Flat Broke with Children
Title | Flat Broke with Children PDF eBook |
Author | Sharon Hays |
Publisher | Oxford University Press |
Pages | 308 |
Release | 2004-11-04 |
Genre | Business & Economics |
ISBN | 9780195176018 |
This text explores the impact of recent welfare reform on motherhood, marriage, and work in women's lives. It also focuses on what welfare reform reveals about work and family life, and its impact on us all.
A Life of One's Own
Title | A Life of One's Own PDF eBook |
Author | David Kelley |
Publisher | Cato Institute |
Pages | 198 |
Release | 1998 |
Genre | Political Science |
ISBN | 9781882577712 |
The welfare state rests on the assumption that people have rights to food, shelter, health care, retirement income, and other goods provided by the government. David Kelley examines the historical origins of that assumption, and the rationale used to support it today.
Making Sense of Public Opinion
Title | Making Sense of Public Opinion PDF eBook |
Author | Claudia Strauss |
Publisher | Cambridge University Press |
Pages | 453 |
Release | 2012-10-15 |
Genre | Political Science |
ISBN | 1107019923 |
This book proposes that Americans form views on immigration and social welfare programs from conventional ways of speaking rather than from ideologies.

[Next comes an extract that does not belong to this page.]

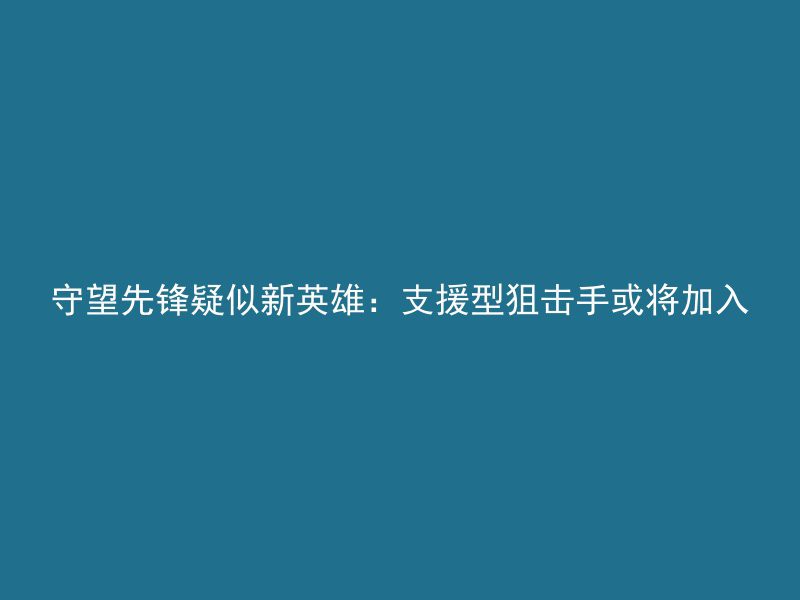 守望先锋疑似新英雄：支援型狙击手或将加入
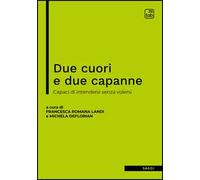 Due cuori e due capanne. Capaci di intendersi senza volersi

Fairness, Responsibility, and Welfare
Title | Fairness, Responsibility, and Welfare PDF eBook |
Author | Marc Fleurbaey |
Publisher | Oxford University Press, USA |
Pages | 306 |
Release | 2008-06-26 |
Genre | Business & Economics |
ISBN | 019921591X |
Develops a theory of fairness incorporating a concern for personal responsibility, opportunities and freedom, and makes accessible the recent developments in economics and philosophy that define social justice in terms of equal opportunities.